Attrition of individual teeth

Although the M3's of Zinjanthropus are not fully erupted, the other teeth are already markedly worn with one or more areas of exposed dentine on every one. Such early wear is characteristic of the Australopithecinae. The degree of wear may be compared with that in South African australopithecine maxillae, of which two specimens of Australopithecus (Sts 52 a and Sts 37) and four specimens of Paranthropus (the Kromdraai specimen, SK 13, SK 52 and SK 49) have the M3's not fully erupted, some being a little more advanced and some at a slightly earlier stage of eruption than Zinjanthropus: in all these maxillae, the amount of attrition is far less than in Zinjanthropus.
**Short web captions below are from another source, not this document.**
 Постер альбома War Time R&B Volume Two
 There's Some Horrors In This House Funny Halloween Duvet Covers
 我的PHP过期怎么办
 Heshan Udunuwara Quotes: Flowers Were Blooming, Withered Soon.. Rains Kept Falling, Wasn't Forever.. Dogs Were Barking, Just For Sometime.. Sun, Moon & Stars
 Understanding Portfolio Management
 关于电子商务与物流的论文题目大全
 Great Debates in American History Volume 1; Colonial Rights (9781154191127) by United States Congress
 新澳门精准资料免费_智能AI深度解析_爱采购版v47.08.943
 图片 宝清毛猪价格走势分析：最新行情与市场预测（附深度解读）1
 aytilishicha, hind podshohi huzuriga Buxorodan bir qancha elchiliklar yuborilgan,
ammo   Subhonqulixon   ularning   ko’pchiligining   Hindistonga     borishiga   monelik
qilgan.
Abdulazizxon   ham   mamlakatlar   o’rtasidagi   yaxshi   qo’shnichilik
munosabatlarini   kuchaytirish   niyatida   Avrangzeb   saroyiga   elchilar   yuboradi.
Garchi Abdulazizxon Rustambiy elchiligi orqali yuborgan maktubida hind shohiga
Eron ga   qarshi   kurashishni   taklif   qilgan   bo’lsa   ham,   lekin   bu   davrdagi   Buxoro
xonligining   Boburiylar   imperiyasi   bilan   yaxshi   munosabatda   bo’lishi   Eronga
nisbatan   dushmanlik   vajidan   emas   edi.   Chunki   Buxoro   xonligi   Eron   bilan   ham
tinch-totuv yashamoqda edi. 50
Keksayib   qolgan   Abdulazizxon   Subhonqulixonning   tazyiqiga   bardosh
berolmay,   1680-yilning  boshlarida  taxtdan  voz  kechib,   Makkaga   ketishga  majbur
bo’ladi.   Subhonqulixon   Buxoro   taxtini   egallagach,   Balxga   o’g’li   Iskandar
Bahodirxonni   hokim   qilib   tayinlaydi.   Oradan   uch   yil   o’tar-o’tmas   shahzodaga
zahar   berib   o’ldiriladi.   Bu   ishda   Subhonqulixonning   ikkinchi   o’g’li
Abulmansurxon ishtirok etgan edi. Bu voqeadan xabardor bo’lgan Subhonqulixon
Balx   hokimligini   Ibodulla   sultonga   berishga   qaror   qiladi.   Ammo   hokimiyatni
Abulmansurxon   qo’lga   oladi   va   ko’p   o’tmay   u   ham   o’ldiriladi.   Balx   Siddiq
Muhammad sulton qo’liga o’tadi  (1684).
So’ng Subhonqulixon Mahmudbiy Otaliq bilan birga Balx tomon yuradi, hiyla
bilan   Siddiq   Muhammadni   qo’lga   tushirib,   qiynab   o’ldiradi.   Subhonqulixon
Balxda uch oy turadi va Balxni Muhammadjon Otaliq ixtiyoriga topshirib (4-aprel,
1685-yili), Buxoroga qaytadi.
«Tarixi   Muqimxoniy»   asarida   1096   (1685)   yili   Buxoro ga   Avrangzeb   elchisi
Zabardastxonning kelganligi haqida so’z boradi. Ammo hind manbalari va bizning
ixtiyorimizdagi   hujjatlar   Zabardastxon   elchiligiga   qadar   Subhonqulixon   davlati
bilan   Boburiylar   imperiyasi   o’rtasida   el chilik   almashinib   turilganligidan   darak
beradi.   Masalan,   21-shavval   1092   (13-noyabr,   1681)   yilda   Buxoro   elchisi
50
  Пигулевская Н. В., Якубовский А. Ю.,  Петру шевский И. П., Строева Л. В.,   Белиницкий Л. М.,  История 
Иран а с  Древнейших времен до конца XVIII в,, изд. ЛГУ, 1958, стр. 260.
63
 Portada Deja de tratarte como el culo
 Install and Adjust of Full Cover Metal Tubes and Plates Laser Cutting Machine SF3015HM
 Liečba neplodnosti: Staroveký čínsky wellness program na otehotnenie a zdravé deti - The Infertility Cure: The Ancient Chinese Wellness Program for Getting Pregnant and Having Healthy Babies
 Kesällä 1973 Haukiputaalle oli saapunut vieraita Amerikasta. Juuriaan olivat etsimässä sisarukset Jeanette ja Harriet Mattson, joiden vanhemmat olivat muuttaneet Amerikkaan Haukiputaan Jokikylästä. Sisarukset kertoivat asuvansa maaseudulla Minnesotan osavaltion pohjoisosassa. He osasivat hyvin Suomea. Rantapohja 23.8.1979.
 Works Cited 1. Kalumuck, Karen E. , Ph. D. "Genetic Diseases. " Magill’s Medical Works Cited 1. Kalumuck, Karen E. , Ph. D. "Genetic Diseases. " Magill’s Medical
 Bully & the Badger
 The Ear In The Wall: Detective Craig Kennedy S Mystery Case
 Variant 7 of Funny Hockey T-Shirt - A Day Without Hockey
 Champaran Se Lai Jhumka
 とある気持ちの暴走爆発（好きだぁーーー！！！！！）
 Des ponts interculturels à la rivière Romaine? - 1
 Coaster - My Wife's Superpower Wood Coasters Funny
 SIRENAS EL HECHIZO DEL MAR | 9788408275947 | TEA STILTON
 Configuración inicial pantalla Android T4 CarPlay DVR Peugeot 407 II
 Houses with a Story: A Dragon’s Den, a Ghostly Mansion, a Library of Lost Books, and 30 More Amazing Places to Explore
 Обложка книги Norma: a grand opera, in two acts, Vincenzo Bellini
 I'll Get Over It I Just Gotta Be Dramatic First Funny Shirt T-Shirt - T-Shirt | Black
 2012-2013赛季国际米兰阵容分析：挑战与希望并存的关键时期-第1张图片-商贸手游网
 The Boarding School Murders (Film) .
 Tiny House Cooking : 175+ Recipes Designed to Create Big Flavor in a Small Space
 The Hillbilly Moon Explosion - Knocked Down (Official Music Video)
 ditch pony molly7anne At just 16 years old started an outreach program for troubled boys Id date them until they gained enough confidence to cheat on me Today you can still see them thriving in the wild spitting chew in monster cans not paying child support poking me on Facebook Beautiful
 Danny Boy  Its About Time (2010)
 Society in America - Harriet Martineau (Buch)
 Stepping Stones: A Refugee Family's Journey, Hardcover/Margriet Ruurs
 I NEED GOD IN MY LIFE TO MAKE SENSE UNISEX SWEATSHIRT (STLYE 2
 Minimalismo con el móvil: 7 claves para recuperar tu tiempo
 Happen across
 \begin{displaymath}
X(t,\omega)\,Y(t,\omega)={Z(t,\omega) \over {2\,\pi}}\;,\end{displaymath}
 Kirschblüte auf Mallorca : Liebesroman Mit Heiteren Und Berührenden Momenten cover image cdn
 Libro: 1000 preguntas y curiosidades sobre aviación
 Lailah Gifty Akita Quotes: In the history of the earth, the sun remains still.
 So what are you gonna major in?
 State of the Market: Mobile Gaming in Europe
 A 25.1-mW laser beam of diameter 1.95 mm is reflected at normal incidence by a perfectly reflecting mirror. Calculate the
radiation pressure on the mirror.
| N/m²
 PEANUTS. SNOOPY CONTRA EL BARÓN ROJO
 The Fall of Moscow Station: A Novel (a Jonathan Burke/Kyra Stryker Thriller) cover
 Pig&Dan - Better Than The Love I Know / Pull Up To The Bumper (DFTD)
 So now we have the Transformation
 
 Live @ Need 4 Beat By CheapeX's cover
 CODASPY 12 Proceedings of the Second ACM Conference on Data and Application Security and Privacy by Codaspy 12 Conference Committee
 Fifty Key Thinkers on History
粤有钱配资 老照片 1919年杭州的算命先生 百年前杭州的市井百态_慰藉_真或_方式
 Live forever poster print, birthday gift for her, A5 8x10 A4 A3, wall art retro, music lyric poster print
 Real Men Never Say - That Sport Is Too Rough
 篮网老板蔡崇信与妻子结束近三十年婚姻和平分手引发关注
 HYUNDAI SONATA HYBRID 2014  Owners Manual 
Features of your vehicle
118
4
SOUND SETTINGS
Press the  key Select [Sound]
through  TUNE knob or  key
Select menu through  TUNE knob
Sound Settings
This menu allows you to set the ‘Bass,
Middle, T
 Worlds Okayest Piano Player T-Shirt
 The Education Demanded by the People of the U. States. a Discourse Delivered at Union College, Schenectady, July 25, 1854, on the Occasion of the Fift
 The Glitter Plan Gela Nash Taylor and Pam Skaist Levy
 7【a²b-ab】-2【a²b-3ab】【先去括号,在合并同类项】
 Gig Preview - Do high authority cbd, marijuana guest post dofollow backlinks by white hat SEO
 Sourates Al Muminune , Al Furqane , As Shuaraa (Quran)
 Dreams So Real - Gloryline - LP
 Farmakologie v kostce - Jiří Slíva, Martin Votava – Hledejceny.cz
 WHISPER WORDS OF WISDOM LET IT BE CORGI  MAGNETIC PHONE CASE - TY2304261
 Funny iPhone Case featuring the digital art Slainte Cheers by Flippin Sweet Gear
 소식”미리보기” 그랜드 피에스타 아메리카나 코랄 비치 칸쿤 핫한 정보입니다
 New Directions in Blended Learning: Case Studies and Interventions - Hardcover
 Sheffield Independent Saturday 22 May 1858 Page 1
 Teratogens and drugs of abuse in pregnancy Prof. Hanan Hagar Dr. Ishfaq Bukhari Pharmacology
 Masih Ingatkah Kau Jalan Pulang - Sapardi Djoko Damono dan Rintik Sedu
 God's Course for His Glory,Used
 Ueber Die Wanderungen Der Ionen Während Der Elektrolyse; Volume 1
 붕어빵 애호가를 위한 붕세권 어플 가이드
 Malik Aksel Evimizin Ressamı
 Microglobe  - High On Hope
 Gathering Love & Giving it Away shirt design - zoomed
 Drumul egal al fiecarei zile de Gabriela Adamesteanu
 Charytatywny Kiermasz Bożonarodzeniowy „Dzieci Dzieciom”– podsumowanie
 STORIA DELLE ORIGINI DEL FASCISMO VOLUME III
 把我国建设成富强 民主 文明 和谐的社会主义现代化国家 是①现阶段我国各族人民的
The degree of attrition in the latter has already levelled the cusps and left numerous areas of dentine exposure (pl. 29). The exposed dentine is black in colour, in contrast with the yellowish-grey enamel. Areas of exposure are thus particularly clearly delimited.

The incisors have a substantial strip of exposed dentine, extending for the full mesiodistal diameter of the teeth, save for the mesial and distal enamel walls (pl. 32). Wear is slightly greater on the right I than on the left, the incisal surface being hollowed on the former, but straight to convex on the latter. The canines show the typically hominid form of wear from the tip (cf. Le Gros Clark, 1950a), which has resulted in a nearly flat occlusal surface with an irregularly biconvex area of dentine exposure, somewhat larger on the right canine than on the left.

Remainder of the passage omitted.